C:\approot\: Your deployed application files land here. Verify they're all present and the file permissions allow the Azure role host process to execute them.

If a startup task is failing, you'll see a non-zero exit code in the log. Fix the script, redeploy, and the instance will restart cleanly. If the issue is a missing runtime dependency (like a specific .NET version or a VC++ redistributable), add an installation step to your startup tasks.

Resolve Key Vault Certificate Permission Errors

This is the most common Azure Cloud Services Extended Support troubleshooting scenario I encounter. CSES must pull certificates from Azure Key Vault during deployment, and if the permissions aren't configured exactly right, the deployment fails with an error like: The service principal does not have Get permissions on the key vault or the slightly more cryptic KeyVaultAccessDenied.

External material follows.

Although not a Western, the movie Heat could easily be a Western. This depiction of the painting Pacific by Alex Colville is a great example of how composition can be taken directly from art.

Here's what needs to be in place. The CSES resource itself uses the Azure Cloud Services first-party service principal (application ID: 2565bd9d-da50-47d4-8b85-4c97f669dc36) to authenticate to Key Vault. This principal needs Get and List permissions on secrets in your Key Vault. If your Key Vault uses the legacy Vault access policy model, add the policy via the portal:

Navigate to your Key Vault resource → Access policies → Add Access Policy
Under Secret permissions, check Get and List
Under Select principal, search for Azure Cloud Services and select the result with app ID 2565bd9d-da50-47d4-8b85-4c97f669dc36
Click Add, then Save

If your Key Vault uses Azure RBAC instead of access policies, assign the Key Vault Secrets User built-in role to the same service principal at the Key Vault scope:

$sp = Get-AzADServicePrincipal -ApplicationId "2565bd9d-da50-47d4-8b85-4c97f669dc36"
New-AzRoleAssignment -ObjectId $sp.Id `
  -RoleDefinitionName "Key Vault Secrets User" `
  -Scope "/subscriptions/{subId}/resourceGroups/{rg}/providers/Microsoft.KeyVault/vaults/{kvName}"

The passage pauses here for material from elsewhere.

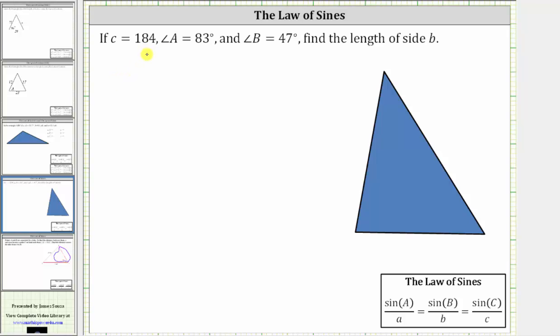We were given the length of side C as 184 units, angle A equals 83 degrees, and angle B equals 47 degrees. We were asked to find the length of side B.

After saving, wait about two minutes for the permission to propagate, then retry your deployment. If you're still getting access errors, double-check that your Key Vault does not have a network firewall enabled that's blocking the Azure service's access, go to Key Vault → Networking and ensure Allow trusted Microsoft services to bypass this firewall is checked.

Fix VNet, Subnet, and Public IP Configuration Problems

Unlike Classic Cloud Services, Azure Cloud Services Extended Support requires a virtual network. This catches a lot of teams during migration, they assume the networking just carries over, but CSES will flat-out refuse to deploy without a properly configured VNet association. If your deployment fails with error code NetworkingConfigurationInvalid or you see InvalidParameter: The specified subnet does not exist, this step is for you.

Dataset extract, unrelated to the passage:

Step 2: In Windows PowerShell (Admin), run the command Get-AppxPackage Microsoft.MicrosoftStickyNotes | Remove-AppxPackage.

Check your ARM template or the portal configuration. Under Networking in the CSES resource blade, verify:

A VNet is selected (cannot be blank)
The subnet assigned to each role has enough free IP addresses, CSES reserves at least 5 IPs per subnet for Azure infrastructure, plus one per role instance. A /29 subnet (8 addresses, 3 usable after Azure reserves) is too small for almost any real deployment.
The subnet does NOT have a Network Security Group rule blocking ports 10100, 10101, and 10102, these are the Azure load balancer health probe ports that CSES depends on. Blocking them causes instances to show as "Unhealthy" in the load balancer even when the app is running fine.

For the public IP requirement: CSES needs a Standard SKU public IP address, not Basic. If you're migrating from Classic, the old VIP was a Basic IP. Create a new Standard SKU public IP:

New-AzPublicIpAddress -Name "cses-pip" `
  -ResourceGroupName "YourRG" `
  -Location "eastus" `
  -AllocationMethod Static `
  -Sku Standard

Then reference this IP in your CSES network configuration under the loadBalancerFrontendIpConfigurations section of the ARM template. After fixing the network config, validate your ARM template before redeploying using Test-AzResourceGroupDeployment, this catches schema errors without creating any resources and saves you from a partially failed deployment.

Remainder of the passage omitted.